[updated 4/8/2016 12:44 pm]

The meeting is over.  In the proposed revised bylaws, Section 8.9 was amended to meet the recommendations of the Township Attorney.  The Bylaws revision passed by a 4:3 margin.  Chockley, Cousino, and Chick opposed.   The Township Master Plan may now be changed by a simple majority vote of the seven seated Planning Commissioners followed by a simple majority vote of the Township Board.  (If you've read this far, you now see the problem.)

What else happened at this meeting?  The "church" conditional zoning issue passed.  The PC's 2016 Goals were briefly discussed.  The meeting adjourned relatively early.  After all, the real work of the year had been successfully completed.  The supermajority vote required by the 2014 bylaws (yes, the bylaws were less than two years old) has been removed as an obstacle to upending the Township Master Plan. 

Because the Bylaws revision was approved, most of the meeting preview has become irrelevant, so I've spiked it.  The fact remains that only four votes are now necessary to change the Master Plan.  Because the Planning Commission is no longer trusted with independent authority, its vote must be ratified by the Township Board. 

That brings us back to square one.  A simple majority of the Township Board is not the majority of seated Trustees.  It's a majority of those Trustees present at a meeting.  That is as few as three when only four or five Board Trustees are attending.

Who do we have to thank for this?  Good question.
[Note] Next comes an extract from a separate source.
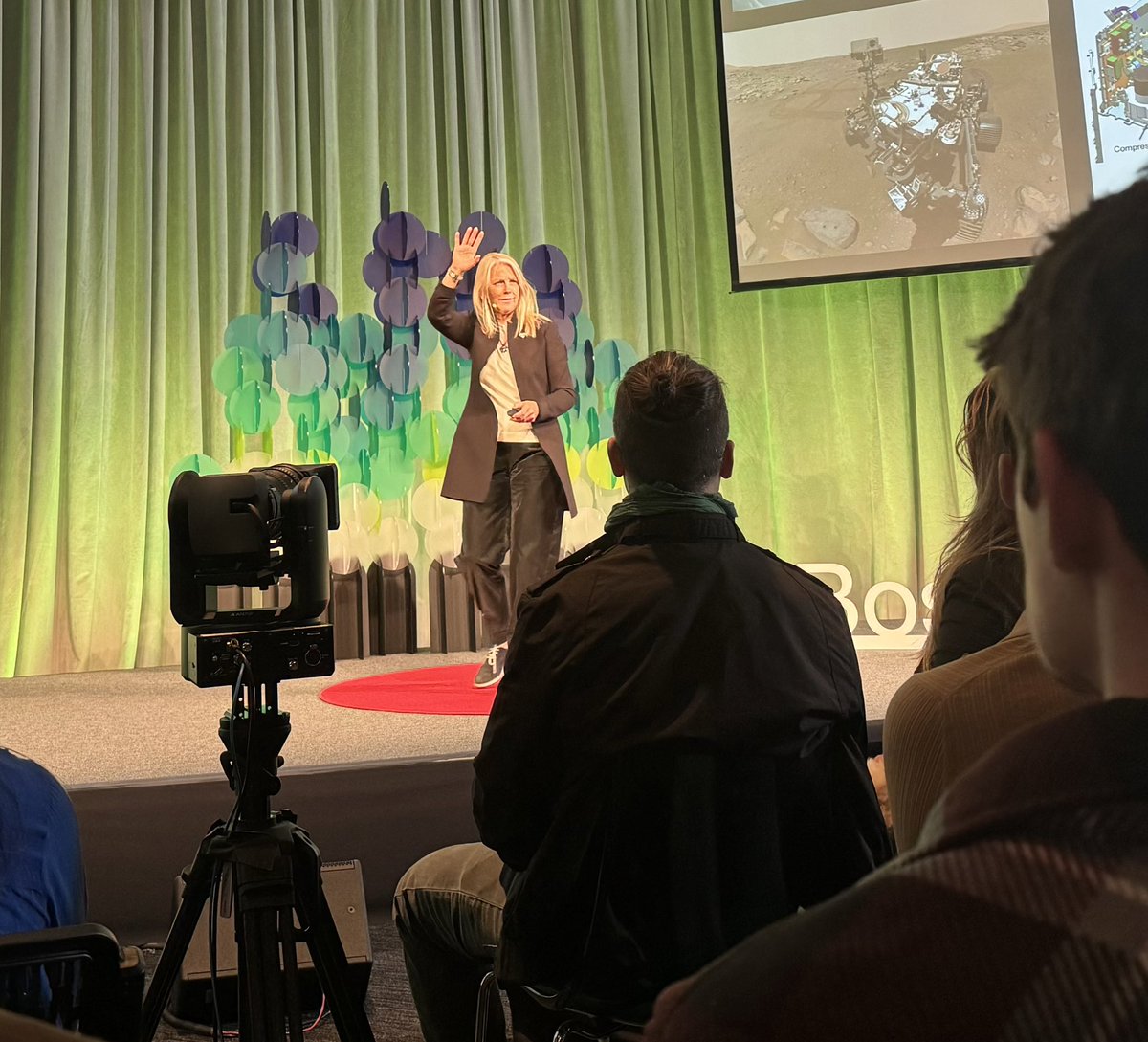 teri_schindler 🌻 (@teri_ktm) on Twitter photo Listening to the amazing <a href="/DavaExplorer/">Dava Newman</a> at the <a href="/medialab/">MIT Media Lab</a> for Ideas in Action: Planetary Stewardship - incredible gathering of talent and big ideas to reimagine our future. <a href="/TEDxBoston/">TEDxBoston #TEDxBoston</a> Listening to the amazing <a href="/DavaExplorer/">Dava Newman</a> at the <a href="/medialab/">MIT Media Lab</a> for Ideas in Action: Planetary Stewardship - incredible gathering of talent and big ideas to reimagine our future. <a href="/TEDxBoston/">TEDxBoston #TEDxBoston</a>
The idea to reduce the number of votes was raised by Township Manager Howard Fink at the October 7, 2015 PC meeting.  He dangled the possibility not once, but twice in front of the PC.  That was a meeting in which Fink's pugnacity overcame his politesse.  Passions flared to the point that found Fink (and some Commissioners) apologizing at the final call to the public.  But the seeds had been planted. 

We've seen cases in the past where Boards of Trustees refrained from voting on important, impactful decisions when members were missing.  Case in point, Supervisor Engstrom's deferral of the confirmation vote of her reappointment of Planning Commissioners while trusted anti-Neighbors voter Trustee Wayne Dockett wintered in Florida. 

Nowhere is it required that the Board cannot act with only the minimum quorum, even in the case of the Master Plan.   The bottom line is that a majority of four or five Board members is only three votes.   On the right day, three votes can change the Master Plan. 

They will tell you to "Trust Them," that Board tradition or Policy would preclude taking advantage of circumstances, that Board Policy or tradition would preclude an important vote while Trustees were absent. But the illusion of urgency can always be summoned up.  Board policy is not law.  It is as changeable as the membership of the Board and the day of the week.  All depends on the priorities and loyalties of those four or five Trustees. 

Were this the best of all possible worlds, we would not worry, but in the real world, this becomes the problem Washington calls Regulatory Capture.  Rules and regulations are created not by lawmakers accountable to voters, but by political appointees.  Control of appointments becomes control of the rules and regulating power.